[Start of Attachment]

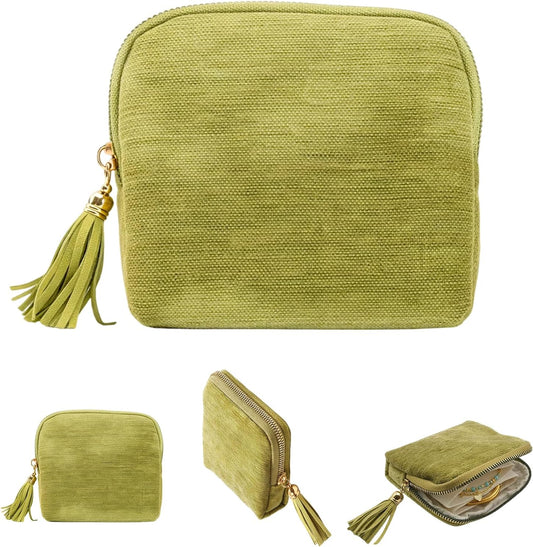 Jewelry Zippered Pocket Case Travel Jewelry Bag Portable Organizer, Mini Jewelry Travel Pouch with Five Compartments for Earrings Necklaces Rings, Tangle-Free Storage for Travelers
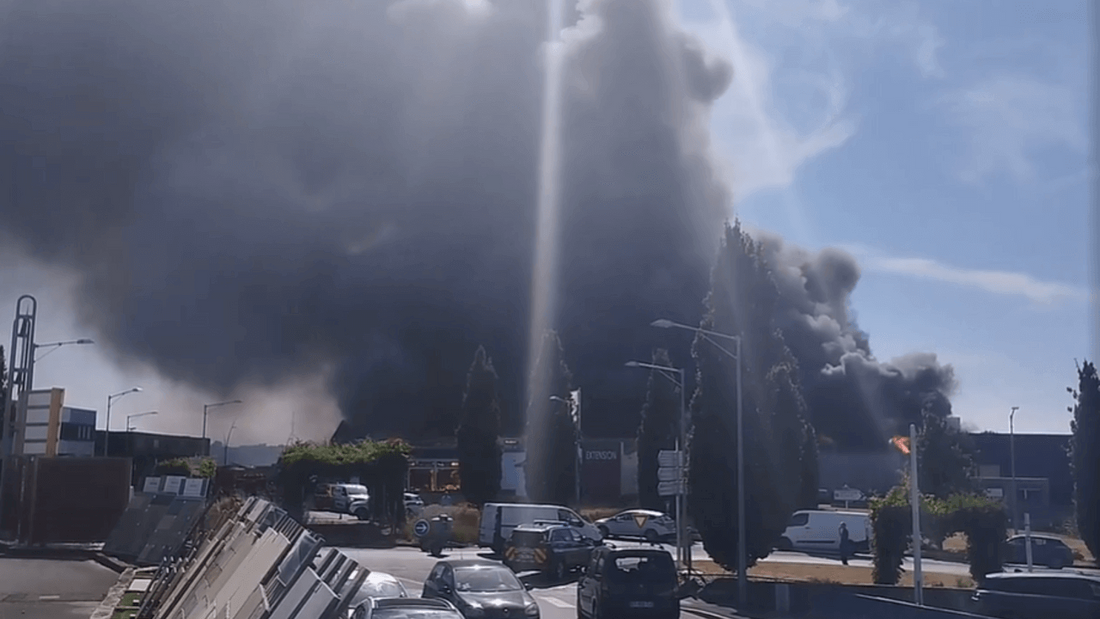 Montaigu : impressionnant panache de fumée visible à plusieurs kilomètres à la ronde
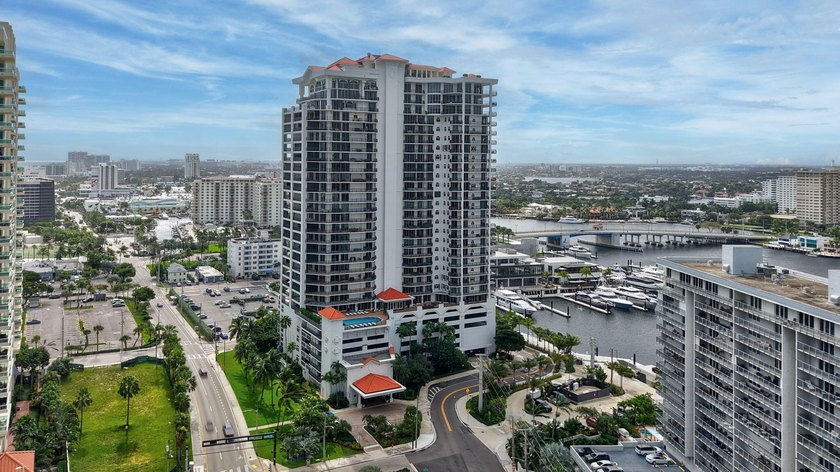 Large 2 bed 2 bath residence at Jackson Tower with panoramic - photo 39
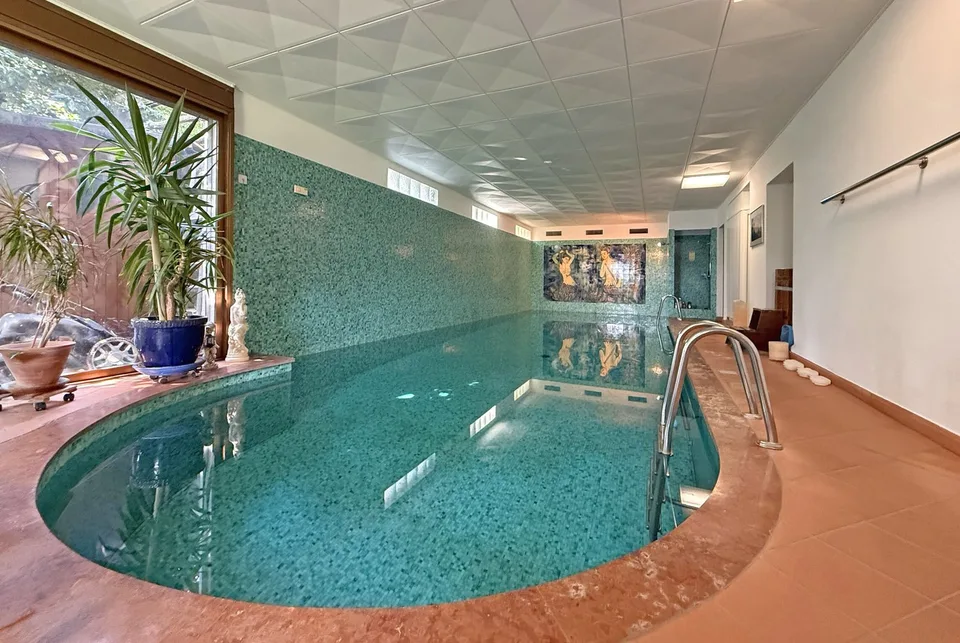 STUPENDA VILLA DI 5.5 LOCALI VISTA LAGO CON PISCINA A PURA – foto 9 di 9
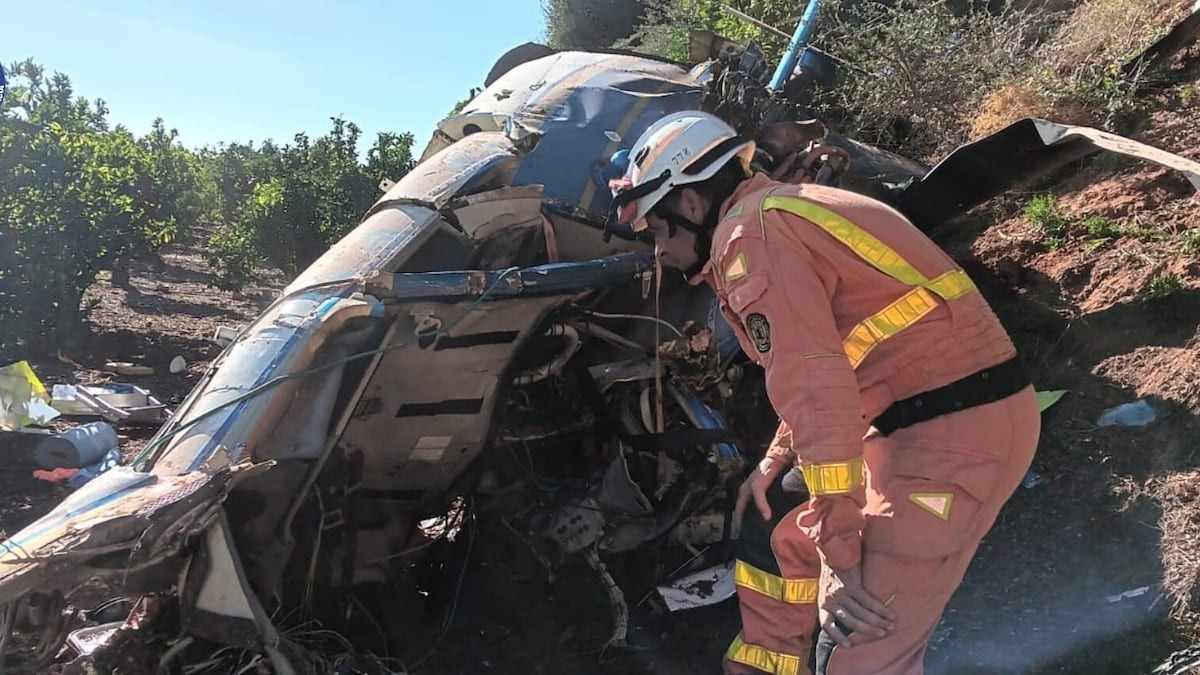 Helicóptero se estrelló contra una línea de alta tensión y todo terminó de la peor manera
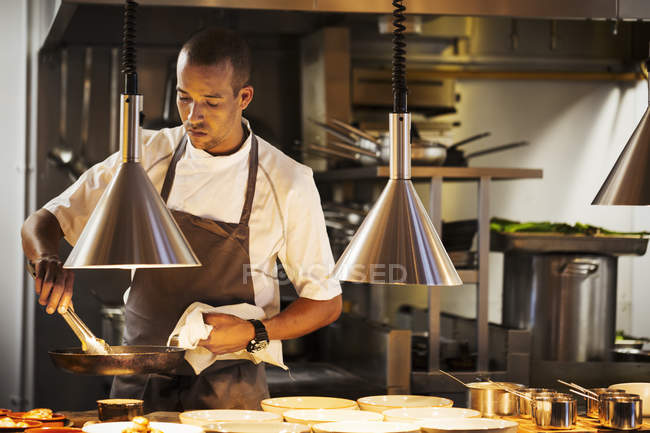 Koch steht in einer Restaurantküche — Stockfoto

[End of Attachment]

Work to be completed:
Pictures are to be left out; the answer must otherwise be exactly the lines from the one with "STUPENDA VILLA DI" through the final line of the entries above, both included.

Task output:
 STUPENDA VILLA DI 5.5 LOCALI VISTA LAGO CON PISCINA A PURA – foto 9 di 9
 Helicóptero se estrelló contra una línea de alta tensión y todo terminó de la peor manera
 Koch steht in einer Restaurantküche — Stockfoto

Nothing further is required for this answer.